Tips to Help People Stay Safe Online

Tips to Help People Stay Safe Online

The IRS has issued Tax Tip 2020-163, which provides guidance and suggestions on how to best ensure taxpayers’ security and to keep people safe online.  As the world becomes increasingly digital and we spend more time online, while navigating new technologies, everyone should be mindful of security risks, tax scams, consumer alerts, and fraudsters.

The first tip offered by the IRS is to limit your own personal exposure by not revealing too much personal information.  Birthdays, addresses, social security numbers, etc. shouldn’t be shared liberally, which opens oneself online to scammers.  Only provide what is necessary, and if divulging personal information is in question, it is best to err on the side of caution.

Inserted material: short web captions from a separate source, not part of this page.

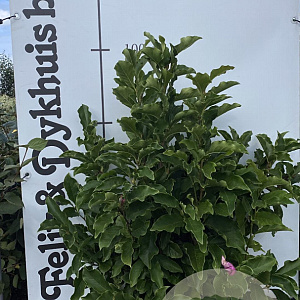 Magnolia 'Susan' 100-125 cm met kluit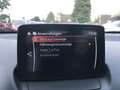 Mazda 2 SKYACTIV-G90 M Hybrid Sports-l., NAVI, LED, Weiß - thumbnail 23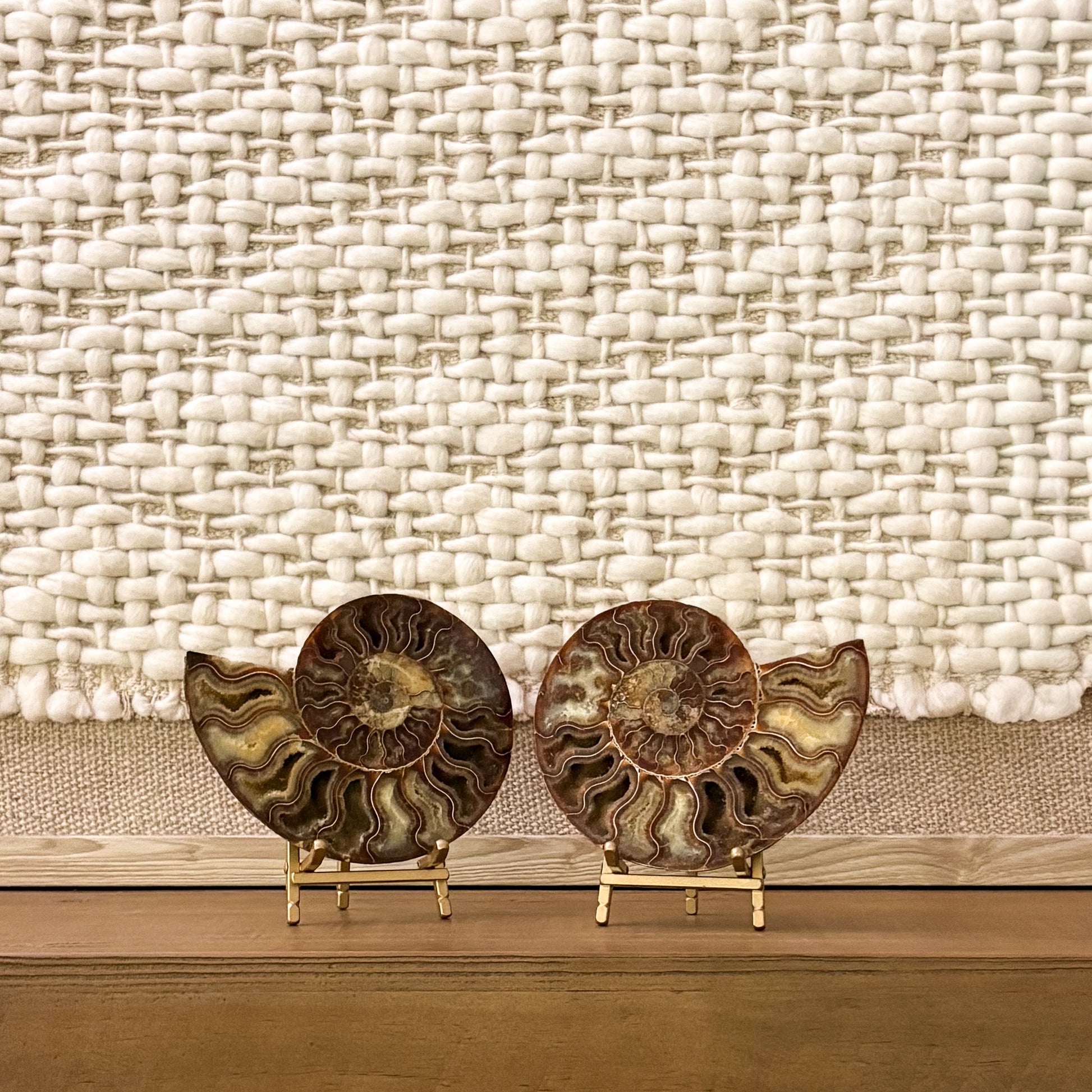 Museum-grade ammonite pair with intricate spiral chambers Madagascar fossil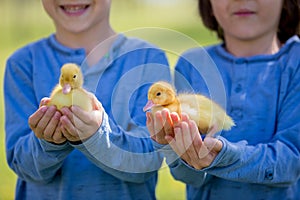 Cute little children, boy brothers, playing with ducklings springtime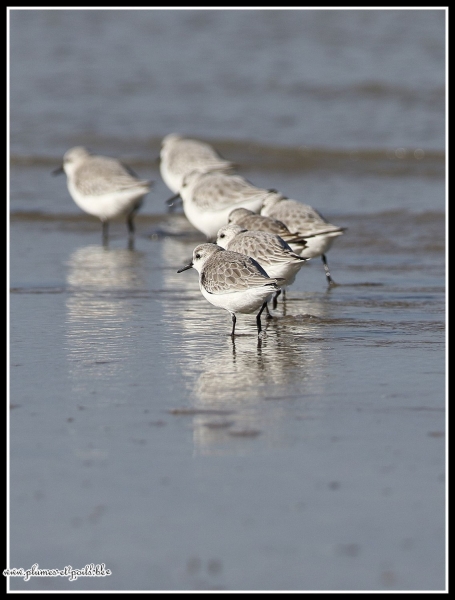 Bécasseaux sanderling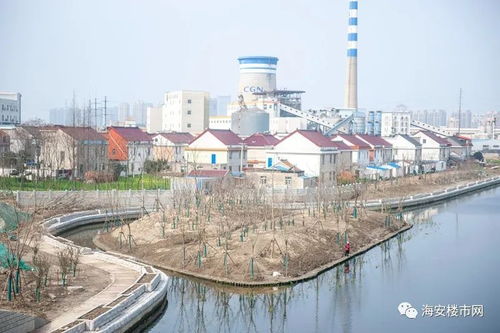林州武家水河治理工程进展更新，最新消息揭秘治理动态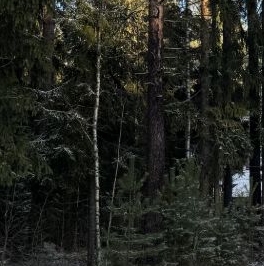 Продажа земли Гармония СНТ, 3-я Озерная линия,  д. 11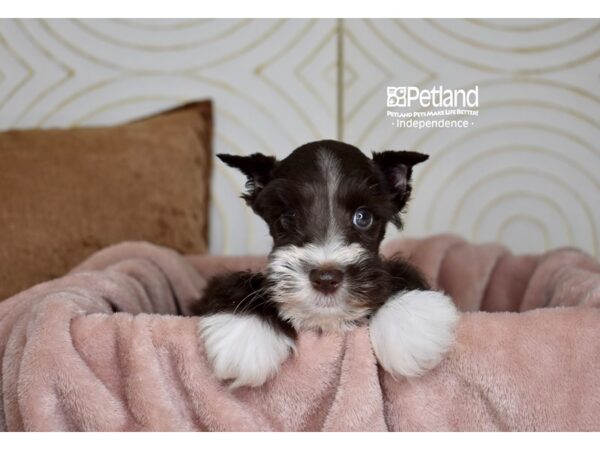 Miniature Schnauzer-Dog-Male-Chocolate & White-5786-Petland Independence, Missouri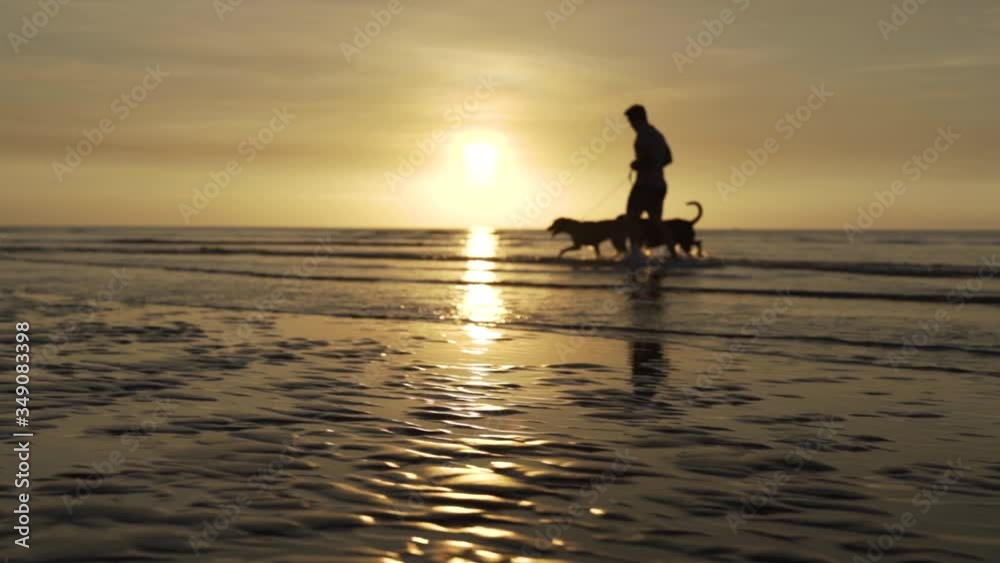 Silhouette of a blurred man walking with two dogs in a beach of Australia Silhouette of a blurred man walking with two dogs in a beach of Australia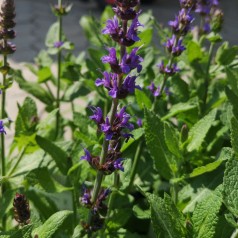 Salvia nemorosa Ostfriesland / Salvie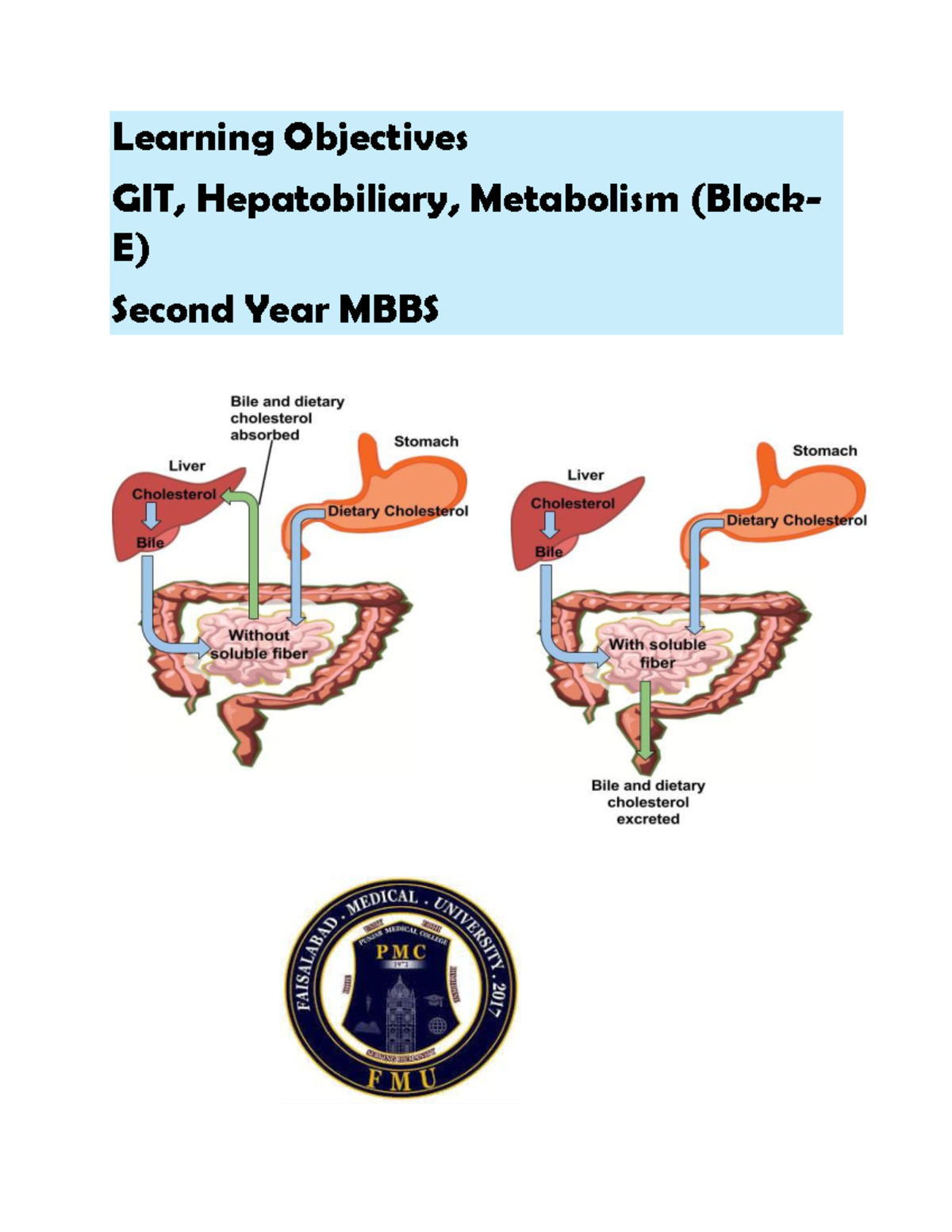 Study Guide for GIT, Hepatobiliary, and Metabolism (Block E) - 2nd Year ...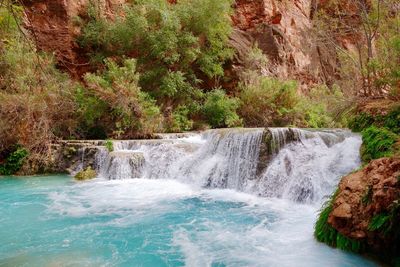 View of waterfall in forest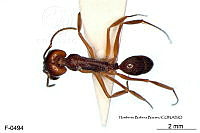 ME006 Hormi 0287 Odontomachus brunneus.jpg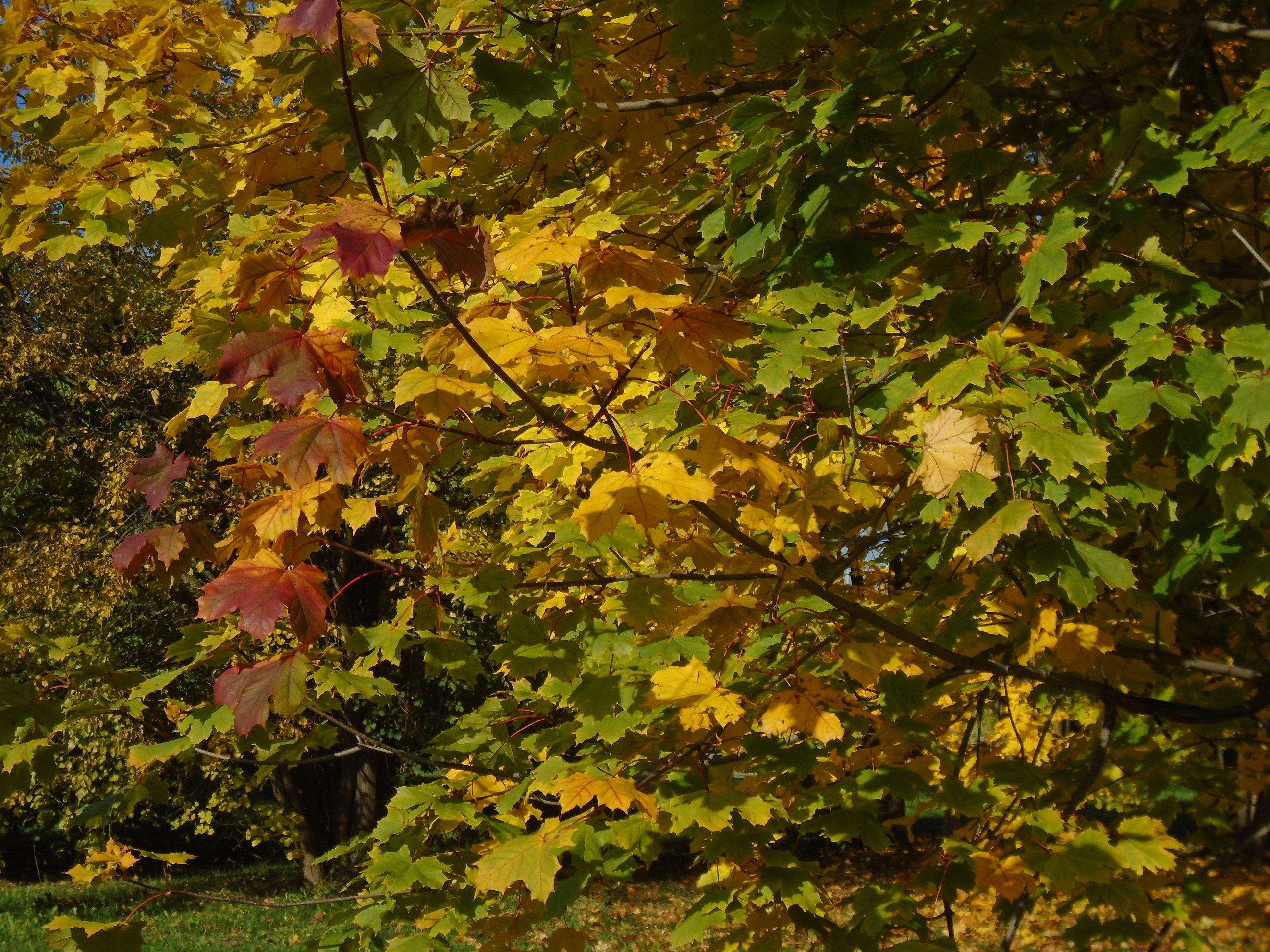 Beautiful and colorful autumn leaves in a forest in Burgundy, France ...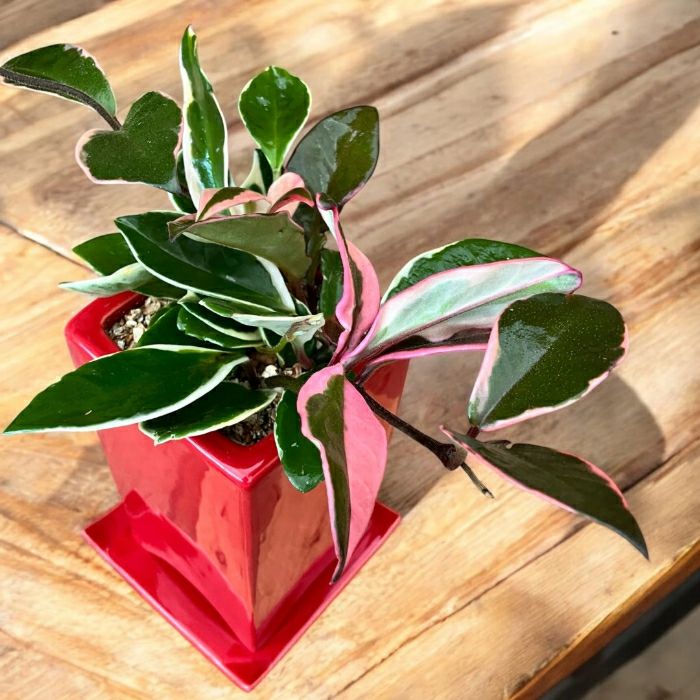 観葉植物現品販売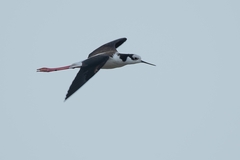 Himantopus mexicanus melanurus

The next tip is to always use software with firewall and anti-virus protections.  Best practice is to always make sure security software is enabled and can automatically update.  People should encrypt sensitive files stored on computers, including tax records, transcripts, and applications just to name a few.  It’s highly recommended that people should use unique and strong passwords for each account. It is imperative that all family members have comprehensive anti-virus protection for their devices, especially on shared devices.

It’s been said that a strong defense is the best offense, and the IRS would agree when it comes to digital security.  The IRS emphasizes that it is crucial to learn to recognize and avoid scams.  Whether it is phishing emails, phony threatening phone calls where the caller is posing as an IRS agent, or suspicious links, we must be vigilant and avoid falling victim for the traps set by fraudsters.  The IRS states: If someone calls asking for personal information, people should not give out such details.

  • Protect personal data.

Adults should advise children and teens and other young users to shop at reputable online retailers. They should treat personal information like cash and shouldn’t leave it lying around.

  • Know the risk of public Wi-Fi.

Connection to public Wi-Fi is convenient and often free, but it may not be safe. Hackers and cybercriminals can easily steal personal information from these networks. Always use a virtual private network when connecting to public Wi-Fi.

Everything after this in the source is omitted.